*Dataset excerpts*:
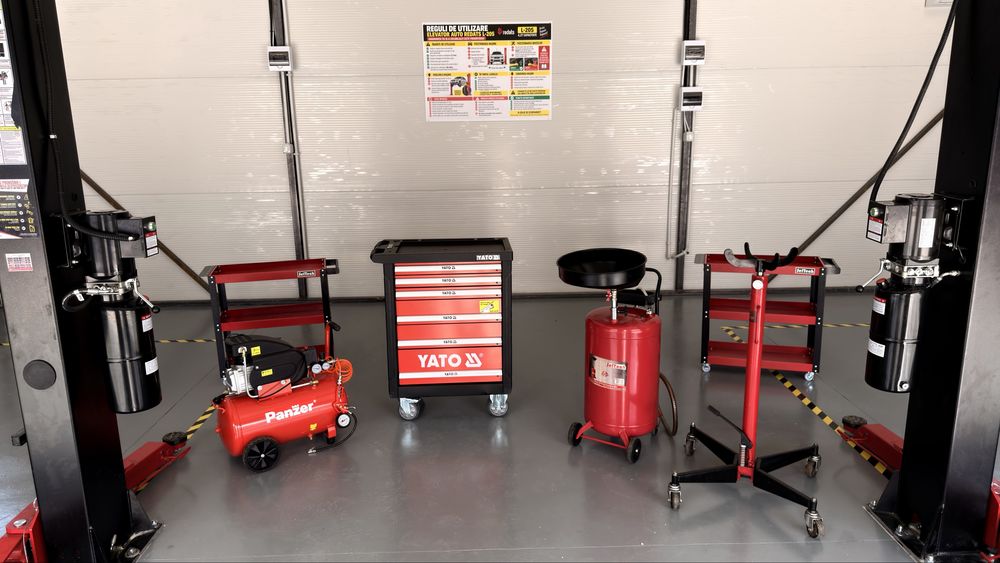 Garaj Self-Service cu Elevator Auto 4,2T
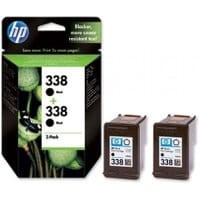 Tusz HP CB331EE nr 338 (2x11ml) zestaw dwupak czarny 2szt.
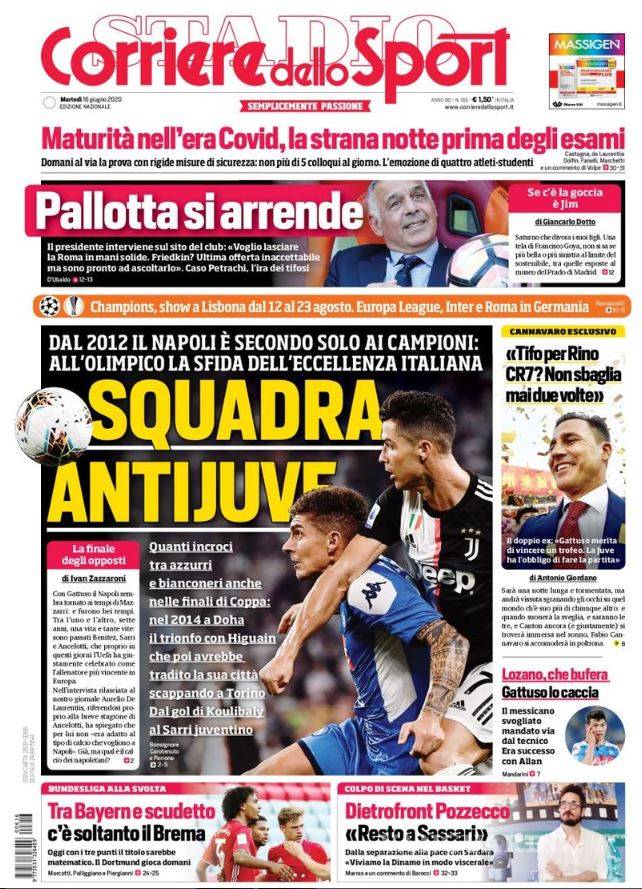 $!'Chucky' Lozano fue corrido del entrenamiento del Napoli por una pelea con Gattuso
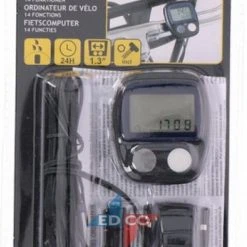 Beste Verkoop ✔️ Dunlop Fietscomputer Bedraad - Kilometerteller - Snelheidsmeter Fiets - 14 Functies - Waterproof ???? -AGU WINKLE 509x840 1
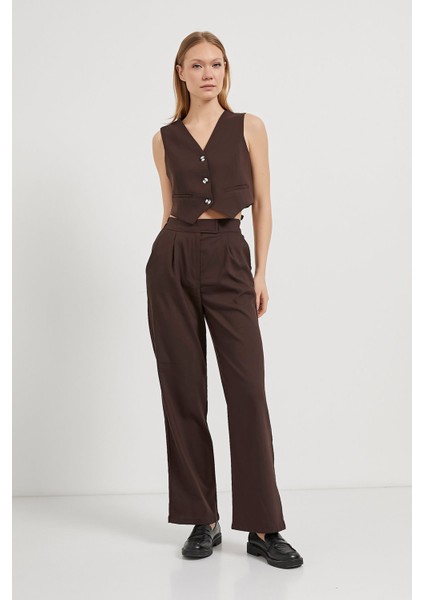 Beli Lastikli Cırt Kapama Palazzo Pantolon fiyatları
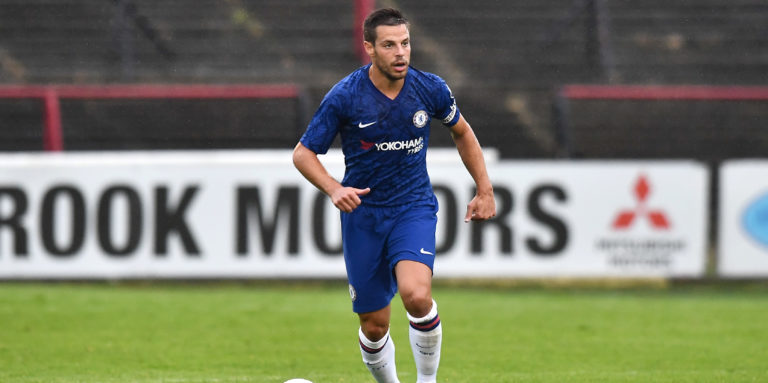 Will Lampard stick with club captain Azpilicueta?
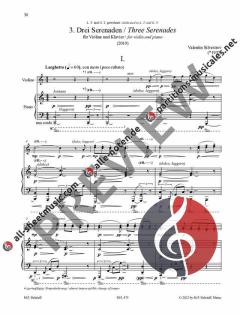 5 Zyklen  von Valentin Silvestrov 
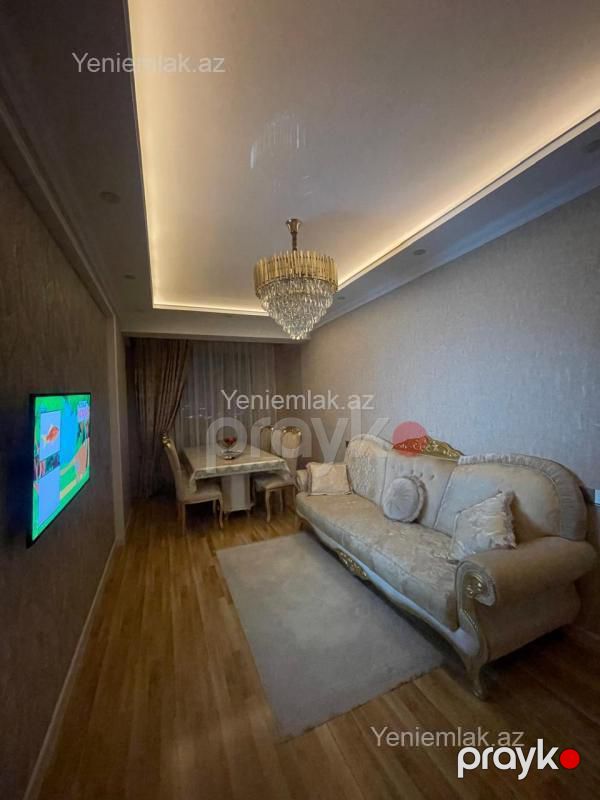 Satılır 3 otaqlı Bina evi menzil (Yeni tikili), 90 m², Xətai rayonu — Mənzil, Bakı (11)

*Task goal*:
All that is required is an exact reproduction of the lines from the one containing "Beste Verkoop ✔️" to the final line of the listing above, pictures omitted.

*Solution below*:
 Beste Verkoop ✔️ Dunlop Fietscomputer Bedraad - Kilometerteller - Snelheidsmeter Fiets - 14 Functies - Waterproof ???? -AGU WINKLE 509x840 1
 Beli Lastikli Cırt Kapama Palazzo Pantolon fiyatları
 Will Lampard stick with club captain Azpilicueta?
 5 Zyklen  von Valentin Silvestrov 
 Satılır 3 otaqlı Bina evi menzil (Yeni tikili), 90 m², Xətai rayonu — Mənzil, Bakı (11)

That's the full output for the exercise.